The Subjects of Surimono Designs

By far the greatest part of all surimono were those given with good wishes for the coming year during the first days of the New Year. According to the formerly used lunar calendar, the year commenced during the second half of February of the Western calendar. This is the time when white-and rose-coloured blossoms signal the coming spring in Japan. Therefore, on hundreds of surimono, plum blossoms form a part of the decoration; they are the Japanese messengers of spring.

The sequence of the Chinese-Japanese calendar year cycle is: rat, cow, tiger, rabbit, dragon, snake, horse, sheep, monkey, cock, dog, and wild boar. Eleven of these twelve animals were well known to the Japanese. Tigers did not live in Japan but in nearby Korea. The dragon was, from antiquity, a well-known animal in Japanese as well as in Chinese fables. But sheep were unknown in Japan until Europeans and Americans introduced them after Japan opened its ports. The Japanese must have taken over the sign of the sheep from the Chinese zodiac. Therefore although 1823, the great year of surimono competitions, was the year of the sheep, on: finds comparatively few surimono picturing sheep. Some show sheep, others goats.
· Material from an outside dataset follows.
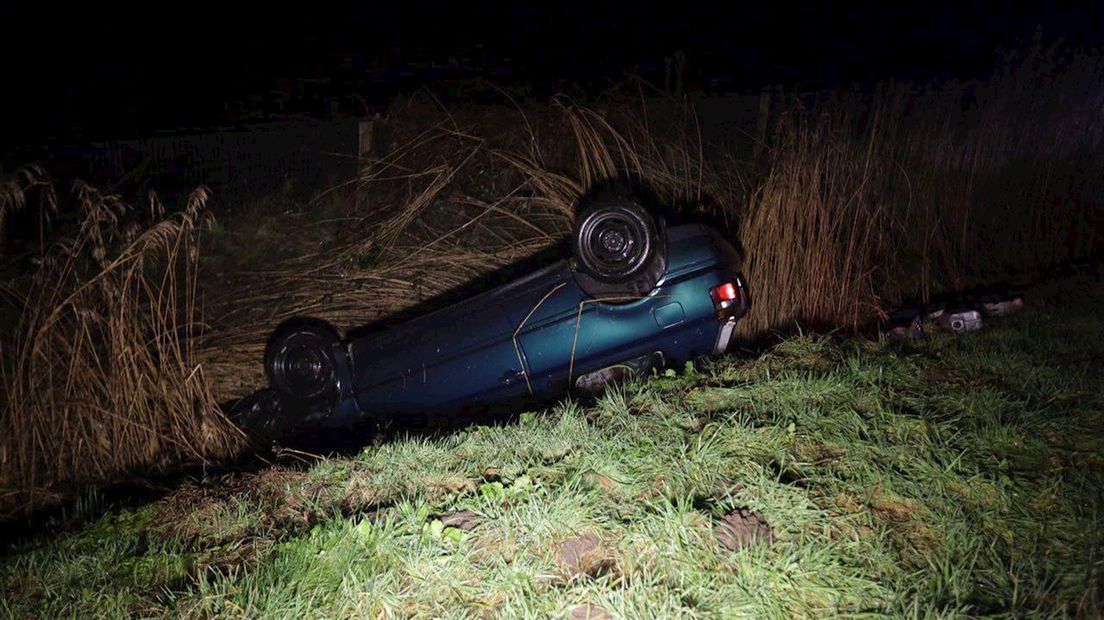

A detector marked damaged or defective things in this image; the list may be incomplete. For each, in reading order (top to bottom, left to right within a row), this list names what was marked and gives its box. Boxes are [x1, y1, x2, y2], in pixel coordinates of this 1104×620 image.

overturned car [232, 185, 750, 441]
Rats were found in most Japanese homes in the nineteenth century. To the Japanese they are not as repugnant as to Americans and Europeans. The rat is the first of the twelve zodiac animals; it is natural that this animal is beautifully shown on hundreds of surimono.
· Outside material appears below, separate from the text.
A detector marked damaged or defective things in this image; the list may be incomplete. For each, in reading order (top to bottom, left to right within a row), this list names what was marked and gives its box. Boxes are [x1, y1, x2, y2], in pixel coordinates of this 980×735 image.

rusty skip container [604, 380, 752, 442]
Not only those animals of the zodiac cycle but also fish, lobsters, birds, butterflies, turtles, and so forth take the third place among the objects of surimono designs. The first place is occupied by portraits of beautiful women and the second by still-life pictures. After these come men (actors, heroes, courtiers of legend and history), popular folk scenes, and landscapes. Japan's Seven Gods of Fortune and the takara-bune (treasure-ship) appear often, due to the fact that the purpose of the surimono was to wish people good luck.

Still-life painting found its widest, almost its sole application on the surimono during that time. All objects that played a role in the comfortable lives of Japanese art lovers at the beginning of the nineteenth century can be found, among the subjects of still-life surimono accompanied by suitable poems; e.g., calligraphic samples, tea ceremony utensils, musical instruments, fans, masks, bows and arrows, coats of armour, dolls, books, playing cards, shells, and kitchen utensils. Approximately 20 percent of all surimono show still life. Scenes of everyday life, as well as anything the donor and the recipient may have experienced, planned together, or found especially interesting in the course of the last year was represented on the surimono.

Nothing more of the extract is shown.